As appears from the case stated, this suit was instituted to recover the sum of $340.90, claimed by Julian Coch*525ran, the plaintiff, as the balance of the residuary legacy, due to him under the will of his father, the said John P. Cochran. The amount is made up entirely of interest upon his indebtedness to the testator, calculated from the death of the testator, December 27th, 1898, to the time of the payment of the legacy, January 7th, 1900; which he claims the executors wrongfully deducted out of his legacy.
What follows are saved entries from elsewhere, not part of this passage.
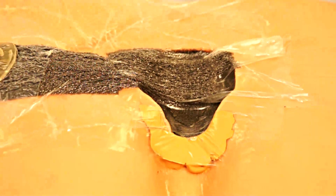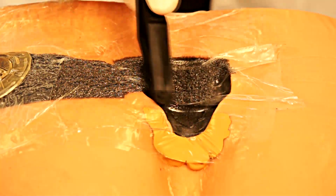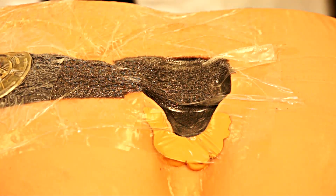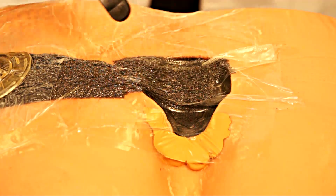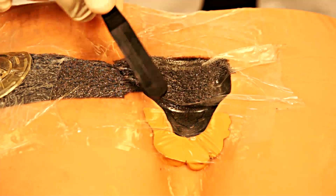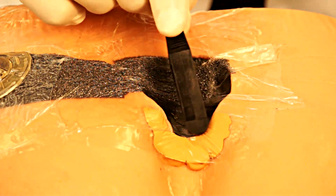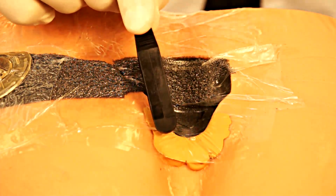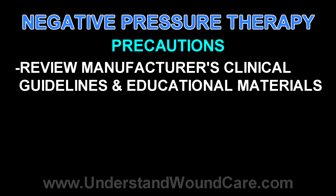One indication that layering might be appropriate is if you have connected your dressing to the negative pressure source and you have a very concave appearance — that would be a reason to consider two layers of sponge. As in the previous demonstration, it is important to protect normal skin from coverage by the sponge dressing and to achieve a seal around the entire wound. You can see that the stoma paste has allowed us to produce an excellent seal at the inferior aspect of the wound, where often times due to patient movement or anatomy an adequate seal cannot be achieved.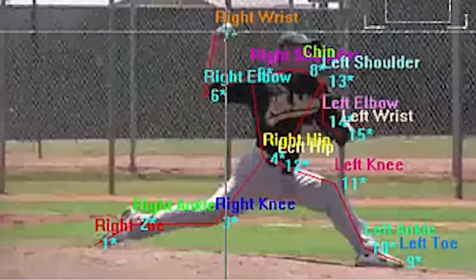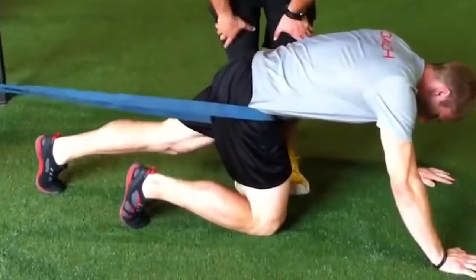3x pitching is a multi-faceted approach to increasing pitching velocity. We first look at biomechanics, speed, strength, power, mobility, and nutrition.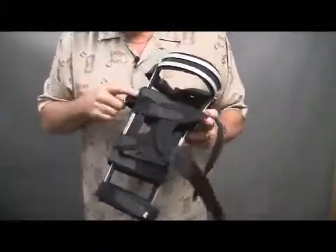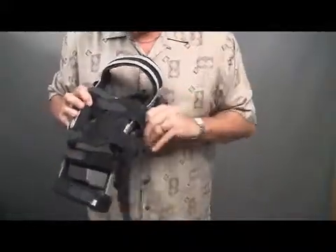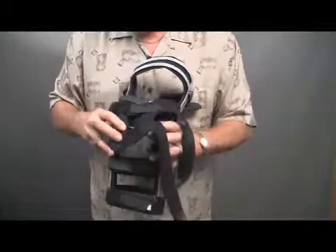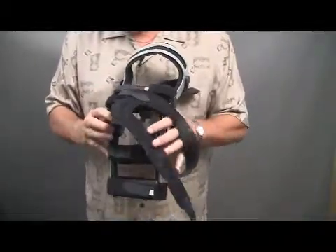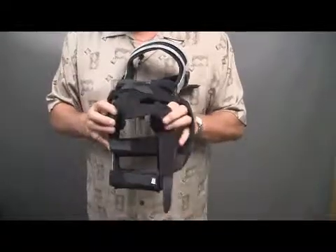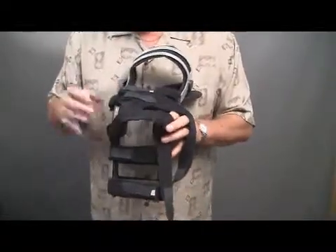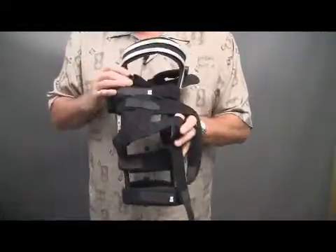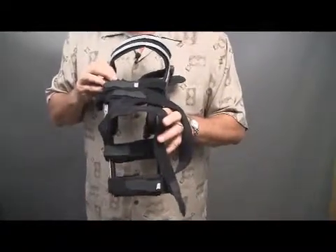These straps wrap around the uprights of the brace above and below the hinge and dynamically pull to one side. So if you've got a person in a functional knee brace who has an ACL or PCL injury, but they also have a patellofemoral injury and they need to control the kneecap as well, this strapping system controls their kneecap at the same time the ACL brace is treating their ACL or PCL injury.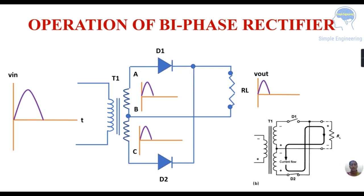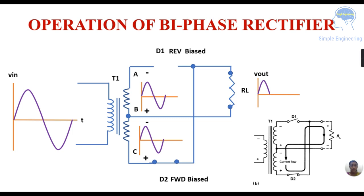In the negative half cycle, point A is negative and point B is positive, and point C is positive. Diode D1 is now reverse biased (open circuit) and D2 is forward biased (closed circuit). Current flows from C through diode D2, through the load resistance, to point B and back to C — a closed path — again producing output voltage V-out.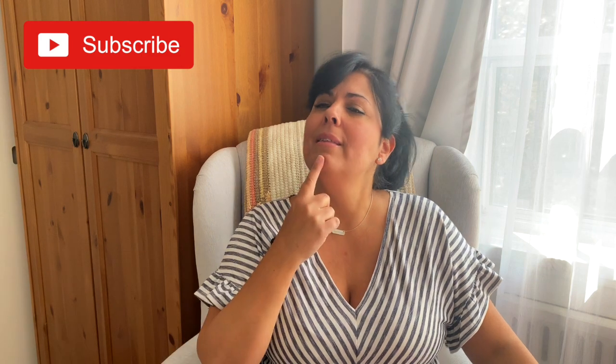Hey everyone, welcome to the Stitch Sessions! It's so good to see you guys. I don't usually get on camera much these days, but I thought we would do something a little different today. For those of you that are new here, my name is Karen and I love everything to do with crochet and crafting. To all of my regular crochet friends, welcome back — it's always good to hang out with you guys.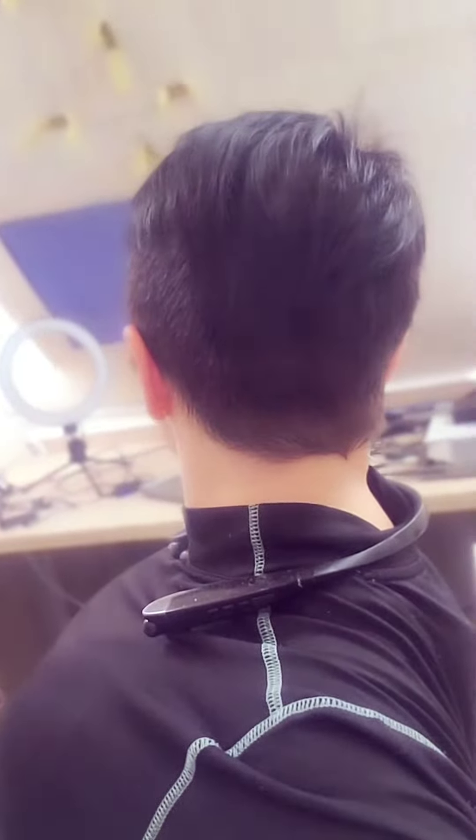I cut my hair the other day — this is how it looks a few days after air drying it, because I don't really like styling my hair. I just like to wash and go.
The will provided—Item 19—“I order and direct my executors (except as otherwise directed) to retain out of the residuary fund of my estate as against each beneficiary of that fund, the amount of indebtedness due me from such persons interested, as the same may appear from my books and papers.”

Item 27 provided that all the rest and residue of his estate should be converted into money and divided into seven equal parts and paid over to the residuary legatees; “the said payments to be made after deducting the indebtedness due from each as hereinbefore provided.” The plaintiff was entitled to one of these residuary parts.

John P. Cochran held at his decease a mortgage of the plaintiff with an accompanying bond for $5,330, dated November 6th, 1883, bearing interest.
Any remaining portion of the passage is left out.